We have also come to a decision as to our travel plans for returning to Athens.   We have decided to leave early tomorrow morning.  We're going to take things as they come and not try to push too hard on anybody's sanity.  Durham, North Carolina marks the half-way point on our journey, and we will keep open the possibility of stopping there for a break to assess our progress and further course of action.  If anyone has spent any time in Durham, please send along suggestions for eating/sites to see/places to visit.  Keep your fingers crossed and send us positive traveling vibes.

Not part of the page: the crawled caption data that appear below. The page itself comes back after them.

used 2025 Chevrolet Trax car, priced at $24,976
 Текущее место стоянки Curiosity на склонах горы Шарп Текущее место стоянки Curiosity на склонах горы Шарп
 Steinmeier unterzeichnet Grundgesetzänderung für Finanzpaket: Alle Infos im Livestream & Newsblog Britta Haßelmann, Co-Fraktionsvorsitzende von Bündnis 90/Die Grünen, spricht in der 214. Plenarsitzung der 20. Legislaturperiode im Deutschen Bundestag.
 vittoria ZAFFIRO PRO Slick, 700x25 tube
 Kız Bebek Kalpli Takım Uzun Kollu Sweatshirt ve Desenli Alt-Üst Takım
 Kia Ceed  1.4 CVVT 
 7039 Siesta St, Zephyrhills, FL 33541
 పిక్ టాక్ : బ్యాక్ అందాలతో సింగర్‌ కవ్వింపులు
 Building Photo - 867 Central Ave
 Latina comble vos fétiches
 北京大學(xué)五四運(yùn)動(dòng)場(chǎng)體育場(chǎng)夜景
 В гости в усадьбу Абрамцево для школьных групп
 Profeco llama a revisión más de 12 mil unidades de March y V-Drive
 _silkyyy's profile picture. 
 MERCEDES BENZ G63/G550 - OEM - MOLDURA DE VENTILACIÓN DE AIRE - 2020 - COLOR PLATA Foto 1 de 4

Safia and Ellen play patty-cake

Wednesday, July 6, 2011

Contemplating a Journey

Safia at 13-weeks / 3-months
Somewhere in the chaos, we neglected to post the 13th-week/3-month picture of Safia.  That is the picture above.  My sincerest apologies for my failure to keep things up-to-date.
Yesterday, we all went downtown to the National Gallery to infuse some culture into our visit.  Safia had been clamoring all week to see the Chester Dale Collection: From Impressionism to Modernism exhibit, so we finally relented, and went to check it out.  She slept for about three-hours in her stroller as we navigated the exhibit to let all the magnificence marinate fully.  It was a great trip downtown, and we arrived back at home relatively unscathed.  


Safia commiserates with Jude 
So we are fully preparing for our return journey back to Athens.  600 miles.  10 hours by car.  We would like to get it done in one trip (rather than breaking it up into multiple days), but we are new to this type of journey with a baby, and are, therefore, open to the idea of laying over for a night if things get crazy.  We realize that our travel time will be greatly increased due to the necessary and regular stops for feeding, changing, and comforting, so we'll see how it goes.  If you have any advice or tips for long road trips with an infant, we are open and appreciative.  Luckily, there is no hard-and-fast date or time we need to be back in Athens by, so we do have the luxury of relative flexibility.